:: Brief ::
Copy exactly the stretch of data below from the line with "Photo of Bathroom in Dolus-d'Oleron" through the line with "4 bedroom Townhouse", including both of those lines.

───── Source records ─────

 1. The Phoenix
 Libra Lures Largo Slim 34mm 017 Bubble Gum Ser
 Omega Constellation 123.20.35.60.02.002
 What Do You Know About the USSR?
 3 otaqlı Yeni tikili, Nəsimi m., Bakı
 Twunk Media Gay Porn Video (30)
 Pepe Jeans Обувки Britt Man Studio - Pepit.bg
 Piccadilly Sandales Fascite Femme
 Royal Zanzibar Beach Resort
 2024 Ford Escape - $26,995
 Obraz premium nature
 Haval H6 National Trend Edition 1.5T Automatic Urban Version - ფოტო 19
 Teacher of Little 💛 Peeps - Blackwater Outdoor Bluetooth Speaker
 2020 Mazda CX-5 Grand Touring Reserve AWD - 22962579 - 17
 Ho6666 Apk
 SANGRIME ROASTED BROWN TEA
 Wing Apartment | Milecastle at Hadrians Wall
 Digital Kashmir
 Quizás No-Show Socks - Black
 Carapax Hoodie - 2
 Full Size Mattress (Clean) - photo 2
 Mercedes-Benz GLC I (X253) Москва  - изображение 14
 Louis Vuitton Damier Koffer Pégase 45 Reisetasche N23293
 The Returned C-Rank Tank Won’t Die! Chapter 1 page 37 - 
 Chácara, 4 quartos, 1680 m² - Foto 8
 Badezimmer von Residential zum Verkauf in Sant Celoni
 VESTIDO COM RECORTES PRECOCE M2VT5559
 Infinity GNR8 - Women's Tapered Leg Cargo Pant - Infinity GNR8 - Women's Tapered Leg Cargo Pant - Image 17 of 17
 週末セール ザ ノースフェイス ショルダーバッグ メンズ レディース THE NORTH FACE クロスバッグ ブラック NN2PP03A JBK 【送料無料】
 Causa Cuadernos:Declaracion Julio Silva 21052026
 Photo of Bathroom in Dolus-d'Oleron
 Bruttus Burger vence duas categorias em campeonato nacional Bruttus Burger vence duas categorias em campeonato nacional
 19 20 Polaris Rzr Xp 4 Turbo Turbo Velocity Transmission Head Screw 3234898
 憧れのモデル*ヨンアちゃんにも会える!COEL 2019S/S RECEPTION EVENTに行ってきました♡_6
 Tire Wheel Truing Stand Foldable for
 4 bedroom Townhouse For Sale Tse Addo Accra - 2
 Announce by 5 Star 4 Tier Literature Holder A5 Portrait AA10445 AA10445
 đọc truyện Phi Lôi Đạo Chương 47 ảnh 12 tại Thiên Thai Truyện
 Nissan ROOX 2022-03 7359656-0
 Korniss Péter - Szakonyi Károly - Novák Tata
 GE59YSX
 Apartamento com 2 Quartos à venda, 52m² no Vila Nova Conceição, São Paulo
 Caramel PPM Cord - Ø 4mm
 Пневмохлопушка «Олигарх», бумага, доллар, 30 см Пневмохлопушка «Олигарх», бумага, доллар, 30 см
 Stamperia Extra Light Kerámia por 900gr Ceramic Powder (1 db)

─────

:: Exercise response ::
 Photo of Bathroom in Dolus-d'Oleron
 Bruttus Burger vence duas categorias em campeonato nacional Bruttus Burger vence duas categorias em campeonato nacional
 19 20 Polaris Rzr Xp 4 Turbo Turbo Velocity Transmission Head Screw 3234898
 憧れのモデル*ヨンアちゃんにも会える!COEL 2019S/S RECEPTION EVENTに行ってきました♡_6
 Tire Wheel Truing Stand Foldable for
 4 bedroom Townhouse For Sale Tse Addo Accra - 2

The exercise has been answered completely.